IBM veut industrialiser la détection des défauts de l’AI
Ce service se repose sur une série d’algorithmes open source qui identifie et score les biais des modèles d’intelligence artificielles et permet de les corriger. Il rend explicable l’inexplicable…de façon industrialisée.
Une tour de contrôle algorithmique. C’est ainsi que pourrait être présenté IBM AI Trust and Transparency, un service que Big Blue a fait atterrir la semaine dernière sur son cloud. Ce service, qui prendra à terme le nom officiel d’AI OpenScale au catalogue du groupe, vise à restaurer la confiance des entreprises en l’intelligence artificielle afin d’en accélérer les usages et l’intégration dans les SI des entreprises. En somme, il s’agit là d’en finir avec ces « boîtes noires », comme l’indique lui-même IBM. Ces boîtes noires sont les modèles d’AI développés à partir de technologies telles que Watson, AzureML, AWS SageMaker ou encore SparkML (open source) et Tensorflow (open source).
Car aujourd’hui, l’intelligence artificielle, et l’ensemble des technologies qui peuplent ce concept (Cognitif, Machine Learning, Deep Learning) font plutôt douter les entreprises. Selon les chiffres d’IBM, si, certes, elles sont 94 % à penser que l’AI est importante pour leur avenir, elles ne sont que 35 % à avoir confiance dans les indicateurs que leur remontent ces opaques AI. Doute et méfiance sont donc encore bien ancrés dans plus de 60 % d’entre elles. Ce qu’IBM considère bien comme un frein et « une barrière » à l’usage de l’intelligence artificielle - et de Watson - , indique Jean-Philippe Desbiolles, vice-président Watson pour la France.
Evidemment, l’opacité de la mécanique AI n’est pas nouvelle. Mais jusqu’alors, le travail qui consistait à décortiquer les prises de décision issues de l’AI étaient manuelles et donc artisanales, confie le responsable. Il faut également comprendre qu’elles étaient difficilement applicables. Mais pour passer l’AI à l’échelle, il convient d’industrialiser ces processus, poursuit-il.

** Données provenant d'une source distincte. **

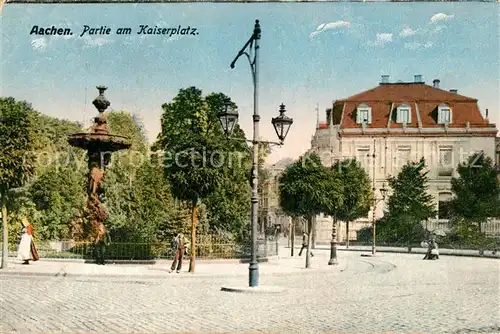 AK / Ansichtskarte Aachen Kaiserplatz Aachen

Là est la démarche d’IBM avec ce service. Concrètement, celui-ci apporte outillage et méthode de data science pour observer le chemin emprunté par les données, embarquées dans les moulinettes algorithmiques. Il permet d’abord d’expliquer en temps réel les modèles en place pour comprendre comment les décisions ont été prises. Puis - et là est la clé du service -, ce service détecte les « biais » en temps réel, souligne Jean-Philippe Desbiolles, et émet des recommandations pour justement les minimiser. « Ces biais sont qualifiés, scorés et des solutions pour résoudre le problèmes sont proposées. »

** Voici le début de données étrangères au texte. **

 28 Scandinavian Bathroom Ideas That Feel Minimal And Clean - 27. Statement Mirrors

« On identifie le biais et on identifie les données qui posent problème », ajoute-t-il. Cela est réalisé via un modèle statistique. Le biais en question peut par exemple porter sur une sur- ou sous-représentation d’une population. Le service explique comment l’AI est arrivée à cette décision, affiche les critères pris en compte et identifie les éventuels écarts qui « ne sont pas statistiquement justifiables ». Les résultats de ces analyses sont ensuite livrés sous la forme de tableaux de bord pour permettre aux métiers de les utiliser. Ces tableaux de bord permettent également de contrôler la bonne santé de l’ensemble en observant par exemple les performances de l’exécution des modèles.
Ce n’est pas une boîte noire qui analyse une autre boîte noire
Des algorithmes qui en observent d’autres en somme ? Oui, mais ceux qui observent et sont donc à la base des moteurs d’AI OpenScale (AI Trust and Transparency), font justement partie d’une série d’outils algorithmiques et de bibliothèques développés par IBM Research et versés à la communauté open source sous le nom de AI Fairness 360. Cette boîte à outils est également composée de bonnes pratiques et de tutoriels à destination du monde académique, scientifique et de la data science. L’idée est de leur permettre d’intégrer, dès la conception des modèles d’AI, cette notion de détection de biais, résume Big Blue.
IBM s’y appuie donc pour son service cloud AI OpenScale qui vient livrer ce degré de services, de BI et d’industrialisation pour au final, rendre consommable cette détection des biais.